During the second quarter of this century, an extraordinary change became apparent in the manners and customs of the descendants of the Normans, Flemings, and Cambrians, whose ancestors an hundred years earlier were strangers in the land. Instead of intermarrying exclusively among themselves, the prevailing fashion became to seek for Irish wives, and to bestow their daughters on Irish husbands. Instead of clinging to the language of Normandy or England, they began to cultivate the native speech of the country. Instead of despising Irish law, every nobleman was now anxious to have his Brehon, his Bard, and his Senachie. The children of the Barons were given to be fostered by Milesian mothers, and trained in the early exercises so minutely prescribed by Milesian education. Kildare, Ormond, and Desmond, adopted the old military usages of exacting "coyne and livery" - horse meat and man's meat - from their feudal tenants. The tie of Gossipred, one of the most fondly cherished by the native population, was multiplied between the two races, and under the wise encouragement of a domestic dynasty might have become a powerful bond of social union. In Connaught and Munster where the proportion of native to naturalized was largest, the change was completed almost in a generation, and could never afterwards be wholly undone. In Ulster the English element in the population towards the end of this century was almost extinct, but in Meath and Leinster, and that portion of Munster immediately bordering on Meath and Leinster, the process of amalgamation required more time than the policy of the Kings of England allowed it to obtain.
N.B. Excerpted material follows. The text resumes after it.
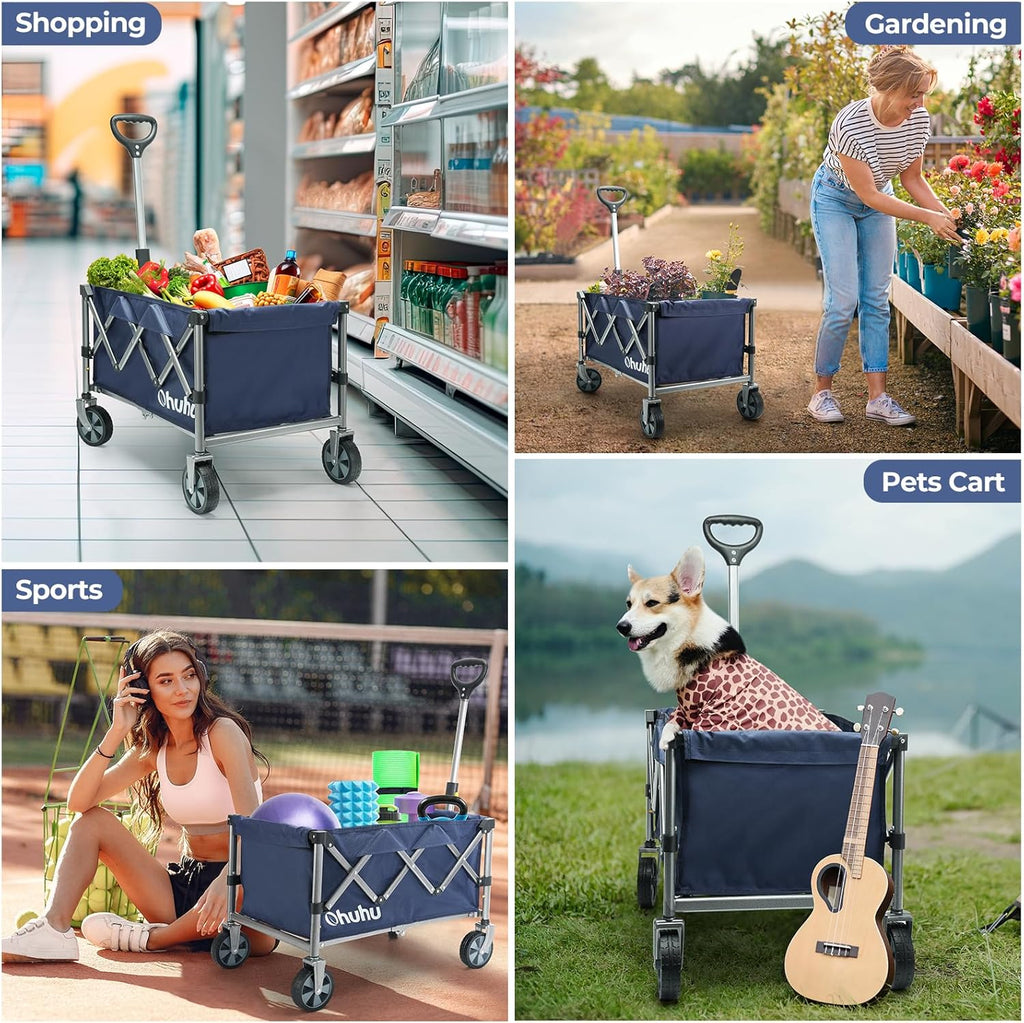 Foldable Utility Wagon with Wheels, 85L 330 LB Capacity 600D Oxford Fabric R52029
The first step taken to counteract their tendency to Hibernicize themselves, was to bestow additional honours on the great families. The baronry of Offally was enlarged into the earldom of Kildare; the lordship of Carrick into the earldom of Ormond; the title of Desmond was conferred on Maurice Fitz-Thomas Fitzgerald, and that of Louth on the Baron de Bermingham. Nor were they empty honours; they were accompanied with something better. The "royal liberties" were formally conceded, in no less than nine great districts, to their several lords. Those of Carlow, Wexford, Kilkenny, Kildare, and Leix, had been inherited by the heirs of the Earl Marshal's five daughters; four other counties Palatine were now added - Ulster, Meath, Ormond, and Desmond. "The absolute lords of those palatinates," says Sir John Davis, "made barons and knights, exercised high justice within all their territories; erected courts for civil and criminal causes, and for their own revenues, in the same form in which the king's courts were established at Dublin; they constituted their own judges, seneschals, sheriffs, coroners, and escheators." So that the king's writs did not run in their counties, which took up more than two parts of the English colony; but ran only in the church-lands lying within the same, which was therefore called THE CROSSE, wherein the Sheriff was nominated by the King. By "high justice" is meant the power of life and death, which was hardly consistent with even a semblance of subjection. No wonder such absolute lords should be found little disposed to obey the summons of deputies, like Sir Ralph Ufford and Sir John Morris, men of merely knightly rank, whose equals they had the power to create, by the touch of their swords.